ASKAさんが、覚せい剤取締法違反(所持)容疑で逮捕されてしまったわけだけれども、チャゲアス全盛期に大学時代を過ごしていた僕にとっては、なんだかちょっとしんみりしてしまう話ではあった。
『月9』の金字塔、『東京ラブストーリー』が放映された年に一人暮らしをはじめ、家のテレビで「うおっ、いま、鈴木保奈美が、『セックス』って言った、言ったよな!!」と自分自身に大声で語りかけてしまった僕にとって、チャゲアスというのは、「学生時代のBGM」みたいなものだったので。
『SAY YES』や『YAH YAH YAH』直撃世代としては、「ああ、これからカラオケでこの曲を誰かが歌うたびに、ASKA覚醒剤で捕まったんだよなあ、と思い出すことになるのか……」と。
人は人、創作物は創作物。
そんなふうに割り切れたらいいのだけれど、現実にはそうもいかなくて。
坂本九さんの『上を向いて歩こう』を聴いたり、向田邦子さんのエッセイを読んだりすると、飛行機事故のことが頭に浮かんでくるし、三島由紀夫さんの小説を読むと、三島さんの最期の日のことを想像してしまう(僕はそれをリアルタイムで観たわけではないので)。
鷺沢萠さんの作品を読むと、なぜ彼女はあんな形で幕引きをしてしまったのだろう、と思う。
僕が大好きな中島らもさんに関しても、以前「中島らも好きなら、大麻を合法化するべきだという、らもさんの主張も指示するのか?」と問われたことを思い出す。
いや、僕は、らもさんの作品は好きだけれども、アルコール依存になりたいわけではないし、薬物中毒になりたいわけでもない。
しかし、そう言われてみると、「大麻が良いものとは思わないし、合法化には(もちろん)反対だけれども、らもさんの薬物を扱った作品は好き」というのは、どういうスタンスなのだろうな、と考え込んでしまう。
らもさんの場合は、「そういう世界」への理解というか指向みたいなものが、作家としての個性だったので、「大麻は嫌いだけど、らもさんは好き」があり得るのだろうか。

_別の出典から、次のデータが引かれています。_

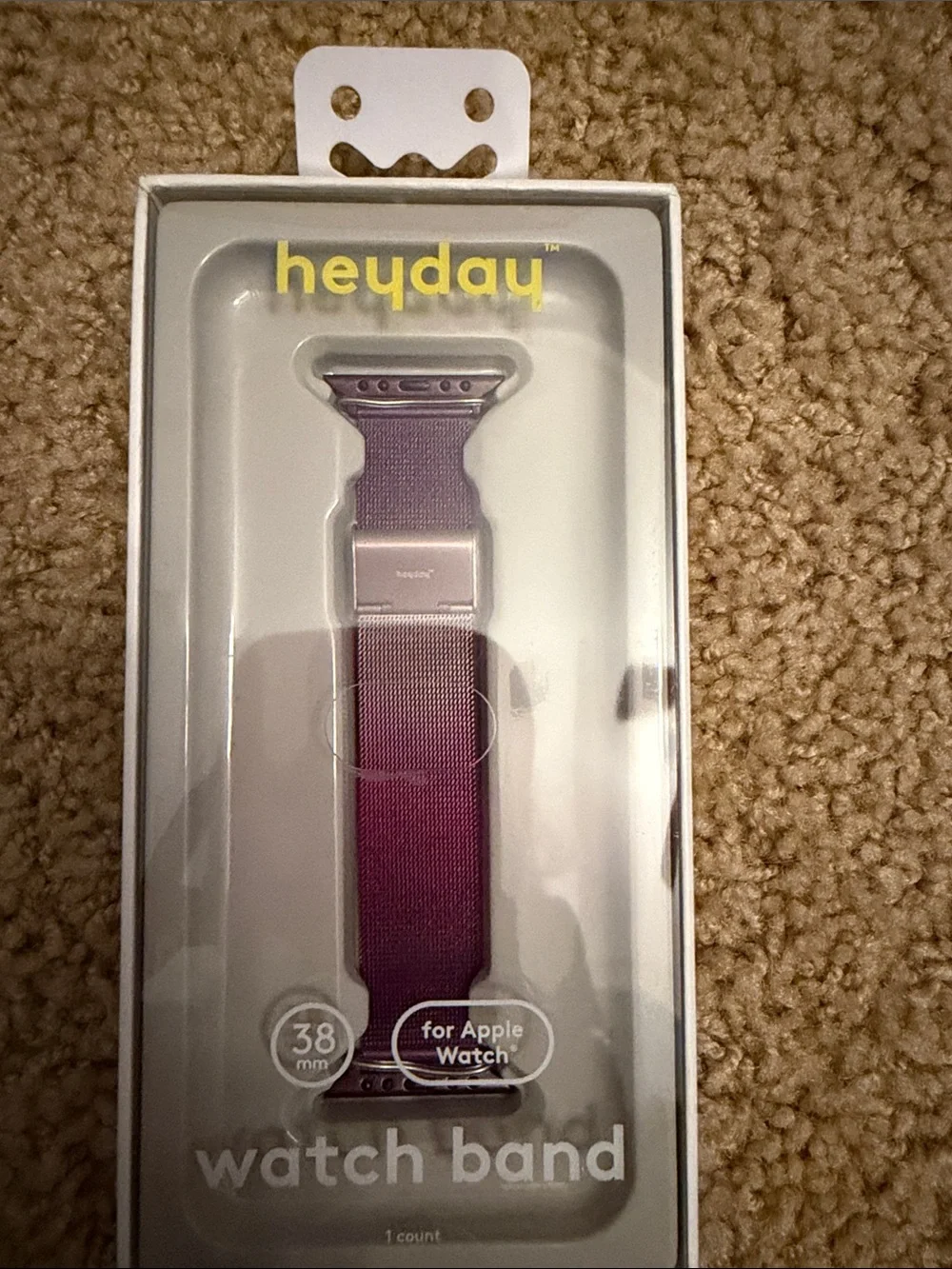 heyday Purple Woven Apple Watch Band for 38mm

僕にも、そういう世界への、憧れみたいなものがあったのだろうか(今から考えると「ないことはなかった」のだろう)。
いや、そんなこと悩んでいてもしょうがないのかもしれないけどさ。
別に、カポーティの『冷血』を読む人がみんな殺人を支持しているわけじゃないし、貴志祐介さんの『悪の教典』を面白いと推薦するからといって、教師による生徒の大量殺戮を、現実として望んでいるわけじゃない。
創作物は、それを創った人のイメージに影響を与えるし、逆もまた然り。
これで、チャゲアスの作品には「あの覚醒剤で捕まったASKAの……」という色がついてしまうのだよなあ。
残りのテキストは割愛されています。